Je suis allé aux rencontres internationales new cinema & contemporary art au Théâtre de la Gaité (cinéma & art contemporain ne doit pas être possible), à Paris 3ème, où les débats étaient en Anglais. J’ai demandé une traduction, je me suis fait moquer : « il faut quand même que l’on soit capable de comprendre l’Anglais ».
Jack Lang dit une chose en Français puis la même chose en Anglais : il fait suivre « typiquement Français » de « typical french » puis de « french touch » de nouveau (France-Inter le 15 février 2016)…
Qu’on me comprenne bien, je fais apparaitre le fait qu’une réformette orthographique suscite une réaction engouematique énorme, tandis que personne ne semble voir l’abandon de la langue française à la langue impérialiste, là où la langue française est tout-à-fait performante. Nombre de Français s’y jettent à corps perdu, anticipent cette évolution et l’apportent à ceux qui n’en savaient rien. Je me souviens de quelqu’un, à la radio, qui avait le même regret que moi, déplorant le standing qu’avait l’Anglais, à ceci près que standing est un mot anglais et que prestige, aura seraient largement équivalents. J’ai regretté dans mon article qu’une pièce contemporaine jouée à la Comédie Française ait un titre en Anglais non nécessaire (dancefloor memories) : http://www.agoravox.fr/culture-loisirs/culture/article/ah-que-vivre-longtemps-est-joli-167355
J’ai créé intentionnellement engouematique sur engouement. Parce qu’une langue n’est pas qu’un vocabulaire, c’est une syntaxe et c’est un grand nombre de processus créateurs.
Dans Hollande touch, nous n’avons pas seulement des mots anglais pour dire des choses que nous savons dire en Français, nous avons la syntaxe anglaise qui place l’adjectif (l’ajout qualitatif si vous préférez) avant le nom.
Autre exemple, battle : bataille, conflit, concurrence mais joueur pas sérieux, pas mortel. Effectivement, apparemment, nous n’avons pas de mot pour cette idée sportive de la concurrence. Bataille évoque les rencontres militaires violentes (Waterloo, Alésia…). Nous avons aussi le jeu de cartes de la bataille… bataille sans danger… Nous aurions pu prendre ce sens ludique de la bataille, qui existe déjà et le développer ou inventer un mot selon les règles du Français : course irait très bien.
Nous avons créé les mots télévision, ordinateur… nous devrions continuer.
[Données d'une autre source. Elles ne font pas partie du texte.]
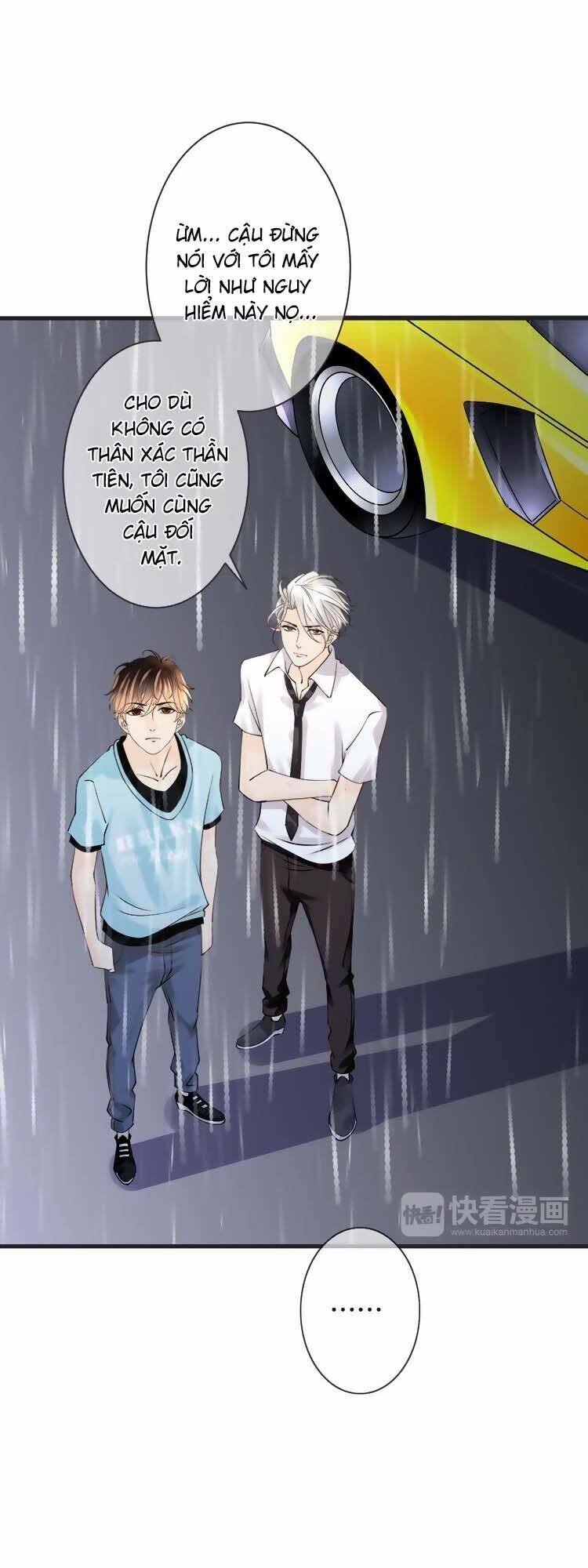 Thiên Thần Không Có Tiết Tháo: Chapter 64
Les mots étrangers devenant Français devraient s’écrire dans l’orthographe française, puisqu’ils deviennent des mots français. On écrirait foutebaule, Quatar et niquab, rolleur (on peut discuter des deux « l »), un guik, tchatte (on a le mot tchatche depuis 1959, issu de l’espagnol)… etc.
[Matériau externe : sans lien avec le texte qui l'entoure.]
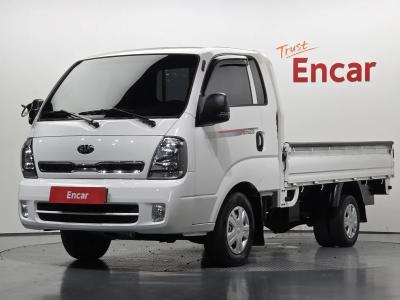 2020 Kia (Asia) The New BongoⅢ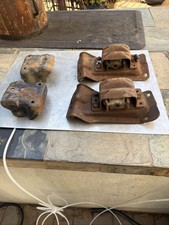 1972 Chevrolet Truck Big Block Motor Mounts C10 C20 C30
Cela faciliterait la tâche de l’apprentissage. Des lettres se mettent à prendre des sons nouveaux par exemple le « e » ou « ee » (« ee » n’est pas français) se dit parfois « i » depuis quelques années e-learning, qu’on devrait dire formation en ligne, devrait s’écrire en attendant que l’on parle Français en France, ileurning…
Français, encore un effort pour aimer, soigner, nourrir entretenir, bichonner, défendre votre langue, sans vouloir la tuer par des blocages insensés d’un côté, et des faiblesses mortelles devant des intrus plutôt faciles à chasser d’un autre côté.